If only somebody had asked in creating this play: who are these characters, where are they, what are they doing, what is this about, how can we make it clearer to the audience?

It shouldn't be philistinish to expect some degree of clarity from even the most experimental theatrical piece. The people who walked out on Saturday night didn’t want to when they took their seats. They didn’t expect to. Ninety minutes isn’t that long to sit and watch some theatre, but—as the audience exodus reveals—what should have been a triumphant heralding of a major new Manhattan theatre space turned out to be the absolute, thudding opposite.

Mrs. Murray’s Menagerie

Everything is so understated in Ars Nova's Mrs Murray’s Menagerie (Ars Nova at Greenwich House, 27 Barrow Street, to April 27) directed by Lila Neugebauer, that you don’t realize how brilliant You Sin-Chen and Laura Jellinek’s set is. It really does feel like a drab meeting room where a focus group are meeting to discuss their feelings about a popular children’s television show.

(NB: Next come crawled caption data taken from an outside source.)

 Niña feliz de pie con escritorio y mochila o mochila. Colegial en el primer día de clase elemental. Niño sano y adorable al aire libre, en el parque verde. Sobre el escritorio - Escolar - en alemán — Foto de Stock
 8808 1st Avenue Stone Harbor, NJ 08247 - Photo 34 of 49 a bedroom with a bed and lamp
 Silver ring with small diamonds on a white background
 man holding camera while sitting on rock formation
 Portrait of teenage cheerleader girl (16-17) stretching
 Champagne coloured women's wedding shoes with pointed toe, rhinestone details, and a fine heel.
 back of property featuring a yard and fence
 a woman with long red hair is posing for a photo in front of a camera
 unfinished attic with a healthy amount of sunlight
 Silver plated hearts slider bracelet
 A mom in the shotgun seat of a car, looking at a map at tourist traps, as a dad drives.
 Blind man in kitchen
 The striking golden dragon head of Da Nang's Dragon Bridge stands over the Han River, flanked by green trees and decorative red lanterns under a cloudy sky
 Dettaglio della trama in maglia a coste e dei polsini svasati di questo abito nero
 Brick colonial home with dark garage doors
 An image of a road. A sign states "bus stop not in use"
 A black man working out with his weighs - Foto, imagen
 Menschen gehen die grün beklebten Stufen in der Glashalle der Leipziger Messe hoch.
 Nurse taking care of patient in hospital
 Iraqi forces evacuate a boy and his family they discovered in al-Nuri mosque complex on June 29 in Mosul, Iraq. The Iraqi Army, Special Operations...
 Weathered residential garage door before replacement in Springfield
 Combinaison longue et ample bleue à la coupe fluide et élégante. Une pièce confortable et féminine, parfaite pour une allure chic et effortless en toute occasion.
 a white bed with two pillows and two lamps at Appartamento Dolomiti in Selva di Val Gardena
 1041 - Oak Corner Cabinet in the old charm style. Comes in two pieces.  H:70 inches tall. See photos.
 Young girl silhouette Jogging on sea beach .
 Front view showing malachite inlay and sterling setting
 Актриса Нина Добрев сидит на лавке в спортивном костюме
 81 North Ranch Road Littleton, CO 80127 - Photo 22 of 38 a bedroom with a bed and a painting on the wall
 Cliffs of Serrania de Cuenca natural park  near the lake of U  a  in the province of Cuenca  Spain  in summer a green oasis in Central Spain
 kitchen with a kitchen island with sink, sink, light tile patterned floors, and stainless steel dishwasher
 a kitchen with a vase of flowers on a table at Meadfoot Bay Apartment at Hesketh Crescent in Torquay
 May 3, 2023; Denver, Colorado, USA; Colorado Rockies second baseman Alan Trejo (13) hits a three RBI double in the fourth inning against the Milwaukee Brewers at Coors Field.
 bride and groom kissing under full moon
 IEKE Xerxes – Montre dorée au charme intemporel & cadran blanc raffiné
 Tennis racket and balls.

The unseen producers of the show want to create a spin-off from it: Candace’s Closet or Teddy’s Treehouse. This focus group—made up of the all-excellent Philip James Brannon, Joe Curnutte. Michael Dalto, Carmen M. Herlihy, January LaVoy, and Stephanie Wright Thompson—will help change that.

This Mad Ones' production is just as subtle and direct in its wonderful writing and characterization. Focus group questioner Dale (a drily unreadable Brad Heberlee) has an assistant Jim (an earnest and nervy Marc Bovino) who must write comically quickly on a blackboard all the group’s responses to questions (he is so fast he earns our applause).

There are no big emotional speeches by any members of this group, but instead we watch a steady accumulation of life detail and tensions around sexism and racism that simmer while questions about the show are asked and answered. It's both very funny and extremely excruciating.

Just why is Mrs. Murray so benign? Who is their favorite character? In answering what is asked of the group, Roger will reveal himself to be a creepy mansplainer; Gloria someone who wants to be listened to; Celeste as an assertive mother; Wayne a gruff, slightly menacing dad; Ernest, watchful and direct; and June, who wants to believe the best in people. We never see the characters fully, but we see a tantalizing approximation of who they may be, and what they would show of themselves in a focus group setting.

There are unseen problems in marriages and a growing sense of anger towards Roger. But nothing erupts in this focus group; the focus is on a flowing, then tightening, set of group dynamics. Our eyes flick to the minute shifts of expressions and reactions. Mrs. Murray's Menagerie is both plain and intriguing—and no walkouts.